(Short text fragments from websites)
※

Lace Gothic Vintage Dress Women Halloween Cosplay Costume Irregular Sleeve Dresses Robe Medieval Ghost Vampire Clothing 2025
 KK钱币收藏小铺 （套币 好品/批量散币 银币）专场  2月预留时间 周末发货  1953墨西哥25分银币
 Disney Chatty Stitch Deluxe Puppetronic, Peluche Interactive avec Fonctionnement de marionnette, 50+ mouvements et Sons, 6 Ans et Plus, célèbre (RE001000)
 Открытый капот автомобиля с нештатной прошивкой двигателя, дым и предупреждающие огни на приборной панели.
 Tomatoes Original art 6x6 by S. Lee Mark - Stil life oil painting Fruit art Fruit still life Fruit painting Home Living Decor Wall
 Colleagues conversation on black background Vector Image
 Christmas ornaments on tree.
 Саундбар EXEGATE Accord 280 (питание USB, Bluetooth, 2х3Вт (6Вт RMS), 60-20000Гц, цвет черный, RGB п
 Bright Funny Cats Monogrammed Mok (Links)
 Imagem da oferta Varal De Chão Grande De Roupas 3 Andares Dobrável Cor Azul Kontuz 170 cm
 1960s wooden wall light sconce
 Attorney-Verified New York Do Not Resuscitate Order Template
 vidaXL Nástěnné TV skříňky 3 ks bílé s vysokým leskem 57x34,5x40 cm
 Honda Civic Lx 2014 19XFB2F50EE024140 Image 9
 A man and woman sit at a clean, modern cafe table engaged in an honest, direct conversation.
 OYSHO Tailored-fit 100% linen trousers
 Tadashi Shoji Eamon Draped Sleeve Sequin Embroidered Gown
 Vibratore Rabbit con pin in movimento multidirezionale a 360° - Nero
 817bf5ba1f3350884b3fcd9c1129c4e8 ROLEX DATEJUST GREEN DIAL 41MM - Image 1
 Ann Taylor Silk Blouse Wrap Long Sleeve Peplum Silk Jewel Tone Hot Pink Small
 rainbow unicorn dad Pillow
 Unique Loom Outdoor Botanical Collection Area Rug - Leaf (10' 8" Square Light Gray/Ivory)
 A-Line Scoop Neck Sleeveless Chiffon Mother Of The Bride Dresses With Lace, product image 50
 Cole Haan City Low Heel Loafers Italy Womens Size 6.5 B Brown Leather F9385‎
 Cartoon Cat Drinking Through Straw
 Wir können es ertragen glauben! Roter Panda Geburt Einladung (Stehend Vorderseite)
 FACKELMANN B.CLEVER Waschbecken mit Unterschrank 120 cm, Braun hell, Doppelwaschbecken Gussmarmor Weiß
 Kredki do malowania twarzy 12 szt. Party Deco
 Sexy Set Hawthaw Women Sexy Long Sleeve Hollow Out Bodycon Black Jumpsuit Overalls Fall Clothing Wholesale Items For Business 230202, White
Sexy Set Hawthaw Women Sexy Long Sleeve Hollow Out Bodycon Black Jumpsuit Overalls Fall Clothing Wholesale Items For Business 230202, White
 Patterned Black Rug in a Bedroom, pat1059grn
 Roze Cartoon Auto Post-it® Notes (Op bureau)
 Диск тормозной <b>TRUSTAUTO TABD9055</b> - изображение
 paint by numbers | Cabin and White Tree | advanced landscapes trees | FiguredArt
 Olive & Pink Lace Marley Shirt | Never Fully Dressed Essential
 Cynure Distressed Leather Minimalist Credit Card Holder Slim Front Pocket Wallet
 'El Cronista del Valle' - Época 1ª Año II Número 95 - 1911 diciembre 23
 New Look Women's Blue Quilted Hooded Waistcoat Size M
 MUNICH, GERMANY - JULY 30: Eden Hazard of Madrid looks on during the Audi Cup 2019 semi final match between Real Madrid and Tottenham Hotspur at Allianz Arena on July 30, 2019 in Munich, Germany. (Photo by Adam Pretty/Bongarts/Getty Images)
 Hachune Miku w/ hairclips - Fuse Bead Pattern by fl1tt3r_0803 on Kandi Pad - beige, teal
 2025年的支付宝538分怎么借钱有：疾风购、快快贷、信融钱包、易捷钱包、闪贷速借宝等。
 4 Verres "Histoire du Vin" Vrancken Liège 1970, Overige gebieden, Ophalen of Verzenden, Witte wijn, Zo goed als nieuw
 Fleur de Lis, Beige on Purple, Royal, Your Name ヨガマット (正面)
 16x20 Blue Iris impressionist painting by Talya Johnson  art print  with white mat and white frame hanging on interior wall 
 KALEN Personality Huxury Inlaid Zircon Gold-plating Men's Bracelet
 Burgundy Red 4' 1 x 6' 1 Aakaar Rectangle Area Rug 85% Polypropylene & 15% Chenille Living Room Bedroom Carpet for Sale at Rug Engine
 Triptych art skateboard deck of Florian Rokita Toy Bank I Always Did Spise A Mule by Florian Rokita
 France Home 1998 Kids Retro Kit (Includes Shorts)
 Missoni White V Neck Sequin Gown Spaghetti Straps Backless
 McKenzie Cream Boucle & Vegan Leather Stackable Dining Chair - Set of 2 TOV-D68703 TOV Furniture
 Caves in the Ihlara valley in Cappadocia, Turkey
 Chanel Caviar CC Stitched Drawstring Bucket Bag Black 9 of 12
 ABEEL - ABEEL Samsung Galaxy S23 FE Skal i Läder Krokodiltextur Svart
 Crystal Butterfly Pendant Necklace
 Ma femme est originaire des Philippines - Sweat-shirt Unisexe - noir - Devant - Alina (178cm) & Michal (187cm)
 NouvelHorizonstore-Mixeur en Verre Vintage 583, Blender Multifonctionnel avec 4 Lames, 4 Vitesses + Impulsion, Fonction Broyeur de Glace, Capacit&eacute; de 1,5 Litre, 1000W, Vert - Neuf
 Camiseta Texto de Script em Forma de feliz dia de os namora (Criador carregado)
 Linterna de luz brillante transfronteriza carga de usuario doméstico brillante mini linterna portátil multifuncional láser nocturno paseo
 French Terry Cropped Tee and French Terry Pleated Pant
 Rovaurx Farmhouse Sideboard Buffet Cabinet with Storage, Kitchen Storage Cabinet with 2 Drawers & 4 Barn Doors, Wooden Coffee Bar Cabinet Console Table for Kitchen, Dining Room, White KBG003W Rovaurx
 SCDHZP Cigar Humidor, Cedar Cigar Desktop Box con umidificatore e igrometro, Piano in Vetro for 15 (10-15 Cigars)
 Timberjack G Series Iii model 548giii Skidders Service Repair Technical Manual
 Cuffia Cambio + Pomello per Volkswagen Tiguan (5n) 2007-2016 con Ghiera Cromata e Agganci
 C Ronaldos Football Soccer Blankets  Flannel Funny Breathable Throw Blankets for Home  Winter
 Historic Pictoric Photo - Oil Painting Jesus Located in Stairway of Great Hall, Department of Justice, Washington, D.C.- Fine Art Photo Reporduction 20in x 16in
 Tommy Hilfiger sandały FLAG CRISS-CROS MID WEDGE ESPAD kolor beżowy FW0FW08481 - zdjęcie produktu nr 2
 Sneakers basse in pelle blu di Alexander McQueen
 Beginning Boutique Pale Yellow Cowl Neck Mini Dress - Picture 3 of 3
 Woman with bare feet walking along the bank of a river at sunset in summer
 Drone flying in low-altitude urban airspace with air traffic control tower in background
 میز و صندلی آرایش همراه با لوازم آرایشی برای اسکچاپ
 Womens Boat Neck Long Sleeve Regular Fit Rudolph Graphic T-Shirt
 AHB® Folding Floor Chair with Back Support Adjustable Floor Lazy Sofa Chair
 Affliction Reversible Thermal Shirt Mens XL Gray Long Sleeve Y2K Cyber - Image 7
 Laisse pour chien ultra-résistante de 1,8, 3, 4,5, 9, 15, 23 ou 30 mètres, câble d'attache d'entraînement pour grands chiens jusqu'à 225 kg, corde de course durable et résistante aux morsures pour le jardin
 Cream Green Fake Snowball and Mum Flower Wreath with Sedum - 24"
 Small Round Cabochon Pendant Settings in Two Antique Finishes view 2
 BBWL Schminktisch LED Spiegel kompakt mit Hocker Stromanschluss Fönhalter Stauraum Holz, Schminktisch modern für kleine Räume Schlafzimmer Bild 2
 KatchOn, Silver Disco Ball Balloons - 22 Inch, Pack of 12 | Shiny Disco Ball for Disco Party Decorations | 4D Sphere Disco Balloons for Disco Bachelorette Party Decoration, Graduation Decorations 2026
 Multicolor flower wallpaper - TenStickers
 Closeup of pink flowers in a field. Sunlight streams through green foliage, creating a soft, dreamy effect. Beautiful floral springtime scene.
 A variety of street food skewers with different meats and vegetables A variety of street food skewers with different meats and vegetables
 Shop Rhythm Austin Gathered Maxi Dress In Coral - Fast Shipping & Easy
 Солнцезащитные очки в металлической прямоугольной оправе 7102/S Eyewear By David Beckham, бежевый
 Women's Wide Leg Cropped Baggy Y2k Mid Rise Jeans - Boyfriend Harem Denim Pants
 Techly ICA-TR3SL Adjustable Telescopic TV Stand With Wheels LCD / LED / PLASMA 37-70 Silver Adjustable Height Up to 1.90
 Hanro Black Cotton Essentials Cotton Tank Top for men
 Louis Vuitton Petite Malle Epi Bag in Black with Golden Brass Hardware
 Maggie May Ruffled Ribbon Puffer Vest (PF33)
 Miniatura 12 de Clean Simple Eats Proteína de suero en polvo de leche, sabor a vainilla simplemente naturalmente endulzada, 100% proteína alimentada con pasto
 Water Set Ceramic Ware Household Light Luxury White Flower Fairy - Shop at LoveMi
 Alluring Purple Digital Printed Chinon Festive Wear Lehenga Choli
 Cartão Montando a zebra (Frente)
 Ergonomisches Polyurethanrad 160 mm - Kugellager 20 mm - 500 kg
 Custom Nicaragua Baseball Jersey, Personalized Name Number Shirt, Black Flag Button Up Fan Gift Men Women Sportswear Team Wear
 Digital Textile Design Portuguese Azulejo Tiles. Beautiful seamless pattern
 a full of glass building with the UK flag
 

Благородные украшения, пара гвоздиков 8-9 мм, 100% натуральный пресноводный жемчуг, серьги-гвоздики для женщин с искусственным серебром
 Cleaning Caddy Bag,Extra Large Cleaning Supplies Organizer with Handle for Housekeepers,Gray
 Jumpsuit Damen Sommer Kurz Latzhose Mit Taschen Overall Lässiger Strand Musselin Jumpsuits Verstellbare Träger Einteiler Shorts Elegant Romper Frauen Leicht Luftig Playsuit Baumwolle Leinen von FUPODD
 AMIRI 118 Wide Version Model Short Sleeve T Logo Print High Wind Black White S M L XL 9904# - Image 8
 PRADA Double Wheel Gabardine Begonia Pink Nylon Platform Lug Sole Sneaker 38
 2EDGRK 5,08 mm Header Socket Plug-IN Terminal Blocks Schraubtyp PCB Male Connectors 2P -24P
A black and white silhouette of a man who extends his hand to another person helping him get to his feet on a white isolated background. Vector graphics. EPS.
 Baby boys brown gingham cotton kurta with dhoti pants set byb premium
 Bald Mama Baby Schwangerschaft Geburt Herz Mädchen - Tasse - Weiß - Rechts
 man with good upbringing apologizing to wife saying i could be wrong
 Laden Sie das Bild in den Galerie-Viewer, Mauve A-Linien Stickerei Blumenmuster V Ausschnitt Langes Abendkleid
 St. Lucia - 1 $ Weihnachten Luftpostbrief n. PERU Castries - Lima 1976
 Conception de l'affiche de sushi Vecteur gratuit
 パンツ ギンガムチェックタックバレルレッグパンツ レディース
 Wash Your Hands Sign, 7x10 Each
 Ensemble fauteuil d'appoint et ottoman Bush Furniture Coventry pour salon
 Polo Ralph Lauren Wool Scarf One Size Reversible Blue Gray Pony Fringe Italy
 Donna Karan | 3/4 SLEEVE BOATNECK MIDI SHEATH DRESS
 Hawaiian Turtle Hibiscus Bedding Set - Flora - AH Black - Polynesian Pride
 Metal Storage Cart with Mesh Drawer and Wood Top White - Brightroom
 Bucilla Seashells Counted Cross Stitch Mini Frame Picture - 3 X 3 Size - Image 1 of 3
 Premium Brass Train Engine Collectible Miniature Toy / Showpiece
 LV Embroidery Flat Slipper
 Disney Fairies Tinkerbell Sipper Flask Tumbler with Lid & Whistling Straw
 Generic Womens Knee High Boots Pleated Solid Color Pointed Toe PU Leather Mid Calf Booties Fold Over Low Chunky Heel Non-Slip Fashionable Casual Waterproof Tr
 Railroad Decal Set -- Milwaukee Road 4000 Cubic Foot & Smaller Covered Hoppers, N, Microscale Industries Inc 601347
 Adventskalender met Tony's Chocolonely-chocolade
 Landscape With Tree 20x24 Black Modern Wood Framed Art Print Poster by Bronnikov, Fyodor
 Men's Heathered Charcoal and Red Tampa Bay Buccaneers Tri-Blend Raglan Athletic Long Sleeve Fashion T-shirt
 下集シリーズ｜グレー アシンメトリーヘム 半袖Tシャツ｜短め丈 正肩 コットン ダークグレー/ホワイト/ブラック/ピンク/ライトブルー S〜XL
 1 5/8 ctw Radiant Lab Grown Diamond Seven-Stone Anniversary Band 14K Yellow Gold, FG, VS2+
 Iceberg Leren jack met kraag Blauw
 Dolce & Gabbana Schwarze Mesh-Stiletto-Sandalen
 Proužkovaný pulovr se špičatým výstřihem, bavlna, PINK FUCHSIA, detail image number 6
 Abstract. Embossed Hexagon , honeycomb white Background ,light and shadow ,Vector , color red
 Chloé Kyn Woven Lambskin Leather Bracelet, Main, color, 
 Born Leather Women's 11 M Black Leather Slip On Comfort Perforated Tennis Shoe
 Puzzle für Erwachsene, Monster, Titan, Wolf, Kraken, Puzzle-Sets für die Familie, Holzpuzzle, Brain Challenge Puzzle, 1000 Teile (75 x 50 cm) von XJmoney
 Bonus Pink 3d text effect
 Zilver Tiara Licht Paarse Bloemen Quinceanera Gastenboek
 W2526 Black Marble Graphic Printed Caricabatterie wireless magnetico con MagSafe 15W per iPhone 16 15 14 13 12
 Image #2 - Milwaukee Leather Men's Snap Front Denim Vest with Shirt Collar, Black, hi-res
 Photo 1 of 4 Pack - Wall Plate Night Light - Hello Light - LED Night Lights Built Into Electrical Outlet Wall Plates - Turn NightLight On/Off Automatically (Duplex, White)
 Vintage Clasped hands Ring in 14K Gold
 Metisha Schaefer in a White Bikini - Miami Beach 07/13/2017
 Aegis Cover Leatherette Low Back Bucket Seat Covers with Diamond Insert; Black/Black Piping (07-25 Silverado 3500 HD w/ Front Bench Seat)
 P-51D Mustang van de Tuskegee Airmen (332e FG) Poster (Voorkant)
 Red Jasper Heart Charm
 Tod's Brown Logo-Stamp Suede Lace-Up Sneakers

※

(YOUR ASSIGNMENT):
What you return must be the lines above that run from the line with "Cuffia Cambio +" to the line with "Cream Green Fake", inclusive, each copied exactly.

(ANSWER SECTION):
 Cuffia Cambio + Pomello per Volkswagen Tiguan (5n) 2007-2016 con Ghiera Cromata e Agganci
 C Ronaldos Football Soccer Blankets  Flannel Funny Breathable Throw Blankets for Home  Winter
 Historic Pictoric Photo - Oil Painting Jesus Located in Stairway of Great Hall, Department of Justice, Washington, D.C.- Fine Art Photo Reporduction 20in x 16in
 Tommy Hilfiger sandały FLAG CRISS-CROS MID WEDGE ESPAD kolor beżowy FW0FW08481 - zdjęcie produktu nr 2
 Sneakers basse in pelle blu di Alexander McQueen
 Beginning Boutique Pale Yellow Cowl Neck Mini Dress - Picture 3 of 3
 Woman with bare feet walking along the bank of a river at sunset in summer
 Drone flying in low-altitude urban airspace with air traffic control tower in background
 میز و صندلی آرایش همراه با لوازم آرایشی برای اسکچاپ
 Womens Boat Neck Long Sleeve Regular Fit Rudolph Graphic T-Shirt
 AHB® Folding Floor Chair with Back Support Adjustable Floor Lazy Sofa Chair
 Affliction Reversible Thermal Shirt Mens XL Gray Long Sleeve Y2K Cyber - Image 7
 Laisse pour chien ultra-résistante de 1,8, 3, 4,5, 9, 15, 23 ou 30 mètres, câble d'attache d'entraînement pour grands chiens jusqu'à 225 kg, corde de course durable et résistante aux morsures pour le jardin
 Cream Green Fake Snowball and Mum Flower Wreath with Sedum - 24"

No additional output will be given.